··· DATA FOR PROCESSING ···

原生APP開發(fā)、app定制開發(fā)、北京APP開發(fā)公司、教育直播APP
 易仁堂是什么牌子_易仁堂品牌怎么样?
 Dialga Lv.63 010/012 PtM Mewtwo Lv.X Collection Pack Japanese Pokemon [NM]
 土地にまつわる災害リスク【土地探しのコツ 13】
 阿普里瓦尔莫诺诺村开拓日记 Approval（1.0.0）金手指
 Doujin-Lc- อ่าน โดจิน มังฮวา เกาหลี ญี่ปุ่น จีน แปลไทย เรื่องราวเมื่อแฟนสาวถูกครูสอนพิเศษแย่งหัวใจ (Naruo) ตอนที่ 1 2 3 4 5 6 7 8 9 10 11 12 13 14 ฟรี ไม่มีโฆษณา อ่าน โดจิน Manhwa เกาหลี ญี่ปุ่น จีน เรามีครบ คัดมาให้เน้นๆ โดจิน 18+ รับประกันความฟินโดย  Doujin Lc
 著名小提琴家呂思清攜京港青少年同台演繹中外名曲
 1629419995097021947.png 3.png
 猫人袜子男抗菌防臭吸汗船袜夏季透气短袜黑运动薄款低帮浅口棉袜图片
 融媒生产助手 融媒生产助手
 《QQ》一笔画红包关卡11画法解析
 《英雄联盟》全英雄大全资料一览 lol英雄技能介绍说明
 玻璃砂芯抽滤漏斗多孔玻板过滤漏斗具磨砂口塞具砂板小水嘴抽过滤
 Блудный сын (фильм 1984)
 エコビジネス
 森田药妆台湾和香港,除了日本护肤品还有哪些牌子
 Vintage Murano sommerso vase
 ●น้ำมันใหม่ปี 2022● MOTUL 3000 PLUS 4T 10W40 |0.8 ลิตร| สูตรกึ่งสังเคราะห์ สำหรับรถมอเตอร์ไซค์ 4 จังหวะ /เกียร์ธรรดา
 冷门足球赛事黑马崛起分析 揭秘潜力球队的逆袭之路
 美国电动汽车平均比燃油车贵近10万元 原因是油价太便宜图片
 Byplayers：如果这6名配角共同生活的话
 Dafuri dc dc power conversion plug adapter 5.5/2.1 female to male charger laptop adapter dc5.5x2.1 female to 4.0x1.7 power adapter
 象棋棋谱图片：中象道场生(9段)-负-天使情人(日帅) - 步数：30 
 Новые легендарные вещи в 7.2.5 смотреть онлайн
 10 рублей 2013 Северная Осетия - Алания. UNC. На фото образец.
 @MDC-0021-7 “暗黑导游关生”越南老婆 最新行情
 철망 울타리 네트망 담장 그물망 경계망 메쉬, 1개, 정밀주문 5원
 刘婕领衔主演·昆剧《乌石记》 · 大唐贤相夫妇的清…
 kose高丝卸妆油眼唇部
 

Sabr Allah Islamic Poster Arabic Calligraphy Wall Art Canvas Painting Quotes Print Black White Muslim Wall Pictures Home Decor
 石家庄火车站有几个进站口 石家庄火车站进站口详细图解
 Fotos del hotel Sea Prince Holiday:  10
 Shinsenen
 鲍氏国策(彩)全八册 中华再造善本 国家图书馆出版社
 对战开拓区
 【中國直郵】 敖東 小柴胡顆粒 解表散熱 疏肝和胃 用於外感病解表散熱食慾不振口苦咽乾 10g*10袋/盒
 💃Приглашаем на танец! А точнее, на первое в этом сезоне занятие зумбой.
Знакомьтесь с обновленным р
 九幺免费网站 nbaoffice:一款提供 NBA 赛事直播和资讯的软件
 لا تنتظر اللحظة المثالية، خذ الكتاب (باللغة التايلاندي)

···

§ TASK REQUIREMENTS
Every record, word for word, must be returned.

§ YOUR RESPONSE
原生APP開發(fā)、app定制開發(fā)、北京APP開發(fā)公司、教育直播APP
 易仁堂是什么牌子_易仁堂品牌怎么样?
 Dialga Lv.63 010/012 PtM Mewtwo Lv.X Collection Pack Japanese Pokemon [NM]
 土地にまつわる災害リスク【土地探しのコツ 13】
 阿普里瓦尔莫诺诺村开拓日记 Approval（1.0.0）金手指
 Doujin-Lc- อ่าน โดจิน มังฮวา เกาหลี ญี่ปุ่น จีน แปลไทย เรื่องราวเมื่อแฟนสาวถูกครูสอนพิเศษแย่งหัวใจ (Naruo) ตอนที่ 1 2 3 4 5 6 7 8 9 10 11 12 13 14 ฟรี ไม่มีโฆษณา อ่าน โดจิน Manhwa เกาหลี ญี่ปุ่น จีน เรามีครบ คัดมาให้เน้นๆ โดจิน 18+ รับประกันความฟินโดย  Doujin Lc
 著名小提琴家呂思清攜京港青少年同台演繹中外名曲
 1629419995097021947.png 3.png
 猫人袜子男抗菌防臭吸汗船袜夏季透气短袜黑运动薄款低帮浅口棉袜图片
 融媒生产助手 融媒生产助手
 《QQ》一笔画红包关卡11画法解析
 《英雄联盟》全英雄大全资料一览 lol英雄技能介绍说明
 玻璃砂芯抽滤漏斗多孔玻板过滤漏斗具磨砂口塞具砂板小水嘴抽过滤
 Блудный сын (фильм 1984)
 エコビジネス
 森田药妆台湾和香港,除了日本护肤品还有哪些牌子
 Vintage Murano sommerso vase
 ●น้ำมันใหม่ปี 2022● MOTUL 3000 PLUS 4T 10W40 |0.8 ลิตร| สูตรกึ่งสังเคราะห์ สำหรับรถมอเตอร์ไซค์ 4 จังหวะ /เกียร์ธรรดา
 冷门足球赛事黑马崛起分析 揭秘潜力球队的逆袭之路
 美国电动汽车平均比燃油车贵近10万元 原因是油价太便宜图片
 Byplayers：如果这6名配角共同生活的话
 Dafuri dc dc power conversion plug adapter 5.5/2.1 female to male charger laptop adapter dc5.5x2.1 female to 4.0x1.7 power adapter
 象棋棋谱图片：中象道场生(9段)-负-天使情人(日帅) - 步数：30 
 Новые легендарные вещи в 7.2.5 смотреть онлайн
 10 рублей 2013 Северная Осетия - Алания. UNC. На фото образец.
 @MDC-0021-7 “暗黑导游关生”越南老婆 最新行情
 철망 울타리 네트망 담장 그물망 경계망 메쉬, 1개, 정밀주문 5원
 刘婕领衔主演·昆剧《乌石记》 · 大唐贤相夫妇的清…
 kose高丝卸妆油眼唇部
 

Sabr Allah Islamic Poster Arabic Calligraphy Wall Art Canvas Painting Quotes Print Black White Muslim Wall Pictures Home Decor
 石家庄火车站有几个进站口 石家庄火车站进站口详细图解
 Fotos del hotel Sea Prince Holiday:  10
 Shinsenen
 鲍氏国策(彩)全八册 中华再造善本 国家图书馆出版社
 对战开拓区
 【中國直郵】 敖東 小柴胡顆粒 解表散熱 疏肝和胃 用於外感病解表散熱食慾不振口苦咽乾 10g*10袋/盒
 💃Приглашаем на танец! А точнее, на первое в этом сезоне занятие зумбой.
Знакомьтесь с обновленным р
 九幺免费网站 nbaoffice:一款提供 NBA 赛事直播和资讯的软件
 لا تنتظر اللحظة المثالية، خذ الكتاب (باللغة التايلاندي)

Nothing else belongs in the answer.